TASK TO CARRY OUT →
When the line containing "Bracelet perlé en" is found in the data below, copy it and each line after it through the line containing "Laetitia Casta, Noee", exactly and with no others.

DATASET RECORDS →
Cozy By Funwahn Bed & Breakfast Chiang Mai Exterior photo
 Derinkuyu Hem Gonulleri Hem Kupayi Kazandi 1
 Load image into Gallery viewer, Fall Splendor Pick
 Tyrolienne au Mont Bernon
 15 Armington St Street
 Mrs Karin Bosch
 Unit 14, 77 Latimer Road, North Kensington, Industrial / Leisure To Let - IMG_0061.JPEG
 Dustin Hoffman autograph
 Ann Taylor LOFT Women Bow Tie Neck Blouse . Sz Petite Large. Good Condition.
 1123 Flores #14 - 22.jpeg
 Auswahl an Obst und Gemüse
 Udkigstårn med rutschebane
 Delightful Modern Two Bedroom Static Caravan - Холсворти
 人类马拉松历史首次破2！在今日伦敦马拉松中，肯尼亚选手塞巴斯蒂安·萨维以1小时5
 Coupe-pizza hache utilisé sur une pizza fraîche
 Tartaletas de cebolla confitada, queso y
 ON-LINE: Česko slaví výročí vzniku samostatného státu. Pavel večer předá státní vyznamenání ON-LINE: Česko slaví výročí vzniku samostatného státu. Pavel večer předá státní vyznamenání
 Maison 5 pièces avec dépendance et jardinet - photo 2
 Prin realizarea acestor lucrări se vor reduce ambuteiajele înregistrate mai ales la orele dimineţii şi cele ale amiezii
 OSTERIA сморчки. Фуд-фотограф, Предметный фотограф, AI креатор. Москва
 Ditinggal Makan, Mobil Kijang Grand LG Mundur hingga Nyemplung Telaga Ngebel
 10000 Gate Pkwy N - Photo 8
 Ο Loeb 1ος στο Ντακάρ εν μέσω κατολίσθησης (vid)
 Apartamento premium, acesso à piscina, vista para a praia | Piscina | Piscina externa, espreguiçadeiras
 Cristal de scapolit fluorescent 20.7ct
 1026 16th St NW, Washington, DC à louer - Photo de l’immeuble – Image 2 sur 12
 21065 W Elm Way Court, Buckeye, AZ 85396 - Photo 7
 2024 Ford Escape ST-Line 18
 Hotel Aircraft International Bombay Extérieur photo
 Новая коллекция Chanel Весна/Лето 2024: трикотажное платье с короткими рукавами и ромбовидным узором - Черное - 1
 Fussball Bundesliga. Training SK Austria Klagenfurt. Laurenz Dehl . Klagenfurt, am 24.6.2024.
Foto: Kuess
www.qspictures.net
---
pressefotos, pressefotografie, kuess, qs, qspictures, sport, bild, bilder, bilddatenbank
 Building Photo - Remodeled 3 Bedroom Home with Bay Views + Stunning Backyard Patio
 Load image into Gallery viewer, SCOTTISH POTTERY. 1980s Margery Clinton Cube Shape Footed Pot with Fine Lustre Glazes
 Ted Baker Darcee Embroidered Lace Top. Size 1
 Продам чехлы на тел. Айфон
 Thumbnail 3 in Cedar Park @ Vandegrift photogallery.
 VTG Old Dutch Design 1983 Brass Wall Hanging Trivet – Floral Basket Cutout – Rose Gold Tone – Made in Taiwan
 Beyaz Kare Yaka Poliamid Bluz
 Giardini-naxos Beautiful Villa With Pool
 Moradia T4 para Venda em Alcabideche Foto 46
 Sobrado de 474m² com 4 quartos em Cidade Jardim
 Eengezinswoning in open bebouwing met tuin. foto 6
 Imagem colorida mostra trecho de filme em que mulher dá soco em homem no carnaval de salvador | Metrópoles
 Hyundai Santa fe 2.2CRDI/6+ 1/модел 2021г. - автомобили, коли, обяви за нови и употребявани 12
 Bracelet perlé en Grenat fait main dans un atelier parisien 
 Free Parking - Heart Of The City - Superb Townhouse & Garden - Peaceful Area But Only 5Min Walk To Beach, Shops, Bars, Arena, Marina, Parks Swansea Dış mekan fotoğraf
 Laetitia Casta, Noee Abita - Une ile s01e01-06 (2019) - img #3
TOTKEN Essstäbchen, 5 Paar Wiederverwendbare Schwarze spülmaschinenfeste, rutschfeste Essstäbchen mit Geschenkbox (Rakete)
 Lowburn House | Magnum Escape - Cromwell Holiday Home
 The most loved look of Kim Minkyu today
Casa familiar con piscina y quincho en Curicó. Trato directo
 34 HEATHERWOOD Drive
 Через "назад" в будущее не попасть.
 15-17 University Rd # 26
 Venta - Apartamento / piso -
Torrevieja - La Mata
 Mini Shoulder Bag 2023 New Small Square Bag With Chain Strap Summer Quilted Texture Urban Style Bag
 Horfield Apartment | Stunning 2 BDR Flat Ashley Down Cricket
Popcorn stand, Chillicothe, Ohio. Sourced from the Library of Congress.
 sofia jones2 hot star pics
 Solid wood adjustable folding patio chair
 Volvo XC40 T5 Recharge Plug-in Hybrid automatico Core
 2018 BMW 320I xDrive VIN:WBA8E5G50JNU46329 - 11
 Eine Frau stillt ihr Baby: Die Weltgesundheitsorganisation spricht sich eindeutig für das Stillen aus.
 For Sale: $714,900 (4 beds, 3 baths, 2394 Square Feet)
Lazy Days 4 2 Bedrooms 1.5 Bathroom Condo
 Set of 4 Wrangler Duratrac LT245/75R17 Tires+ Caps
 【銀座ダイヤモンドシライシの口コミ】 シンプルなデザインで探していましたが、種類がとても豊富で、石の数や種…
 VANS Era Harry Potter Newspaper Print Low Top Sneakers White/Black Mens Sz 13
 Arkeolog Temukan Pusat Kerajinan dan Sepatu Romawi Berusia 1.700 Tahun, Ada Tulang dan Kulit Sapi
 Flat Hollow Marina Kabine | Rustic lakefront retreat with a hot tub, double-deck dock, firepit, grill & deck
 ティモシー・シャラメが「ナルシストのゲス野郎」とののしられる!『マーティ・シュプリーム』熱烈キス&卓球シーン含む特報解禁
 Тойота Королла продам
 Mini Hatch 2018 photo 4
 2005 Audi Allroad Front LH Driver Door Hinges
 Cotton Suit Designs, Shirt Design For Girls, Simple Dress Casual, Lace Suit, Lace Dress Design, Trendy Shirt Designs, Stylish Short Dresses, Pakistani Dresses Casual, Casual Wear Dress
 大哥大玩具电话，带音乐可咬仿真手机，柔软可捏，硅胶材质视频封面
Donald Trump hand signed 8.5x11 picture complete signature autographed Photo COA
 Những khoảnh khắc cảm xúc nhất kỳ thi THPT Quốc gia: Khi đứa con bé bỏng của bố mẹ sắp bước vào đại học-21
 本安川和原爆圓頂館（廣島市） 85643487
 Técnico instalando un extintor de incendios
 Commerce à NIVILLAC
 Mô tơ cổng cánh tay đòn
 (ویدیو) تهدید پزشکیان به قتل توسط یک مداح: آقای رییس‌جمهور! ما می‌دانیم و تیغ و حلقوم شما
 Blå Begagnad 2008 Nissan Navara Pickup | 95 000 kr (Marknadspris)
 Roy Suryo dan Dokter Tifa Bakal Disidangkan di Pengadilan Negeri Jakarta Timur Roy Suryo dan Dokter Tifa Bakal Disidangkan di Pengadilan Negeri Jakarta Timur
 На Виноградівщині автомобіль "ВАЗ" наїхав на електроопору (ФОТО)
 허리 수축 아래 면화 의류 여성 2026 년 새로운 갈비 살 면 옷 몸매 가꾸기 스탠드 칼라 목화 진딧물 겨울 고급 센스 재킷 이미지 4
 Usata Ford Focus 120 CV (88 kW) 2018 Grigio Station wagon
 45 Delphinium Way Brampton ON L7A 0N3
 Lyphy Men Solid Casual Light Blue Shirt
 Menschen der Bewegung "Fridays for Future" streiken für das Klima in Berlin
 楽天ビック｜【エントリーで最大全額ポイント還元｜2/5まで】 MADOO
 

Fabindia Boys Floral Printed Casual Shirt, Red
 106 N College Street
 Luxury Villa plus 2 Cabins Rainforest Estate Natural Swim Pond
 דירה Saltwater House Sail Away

ANSWER TO THIS TASK →
 Bracelet perlé en Grenat fait main dans un atelier parisien 
 Free Parking - Heart Of The City - Superb Townhouse & Garden - Peaceful Area But Only 5Min Walk To Beach, Shops, Bars, Arena, Marina, Parks Swansea Dış mekan fotoğraf
 Laetitia Casta, Noee Abita - Une ile s01e01-06 (2019) - img #3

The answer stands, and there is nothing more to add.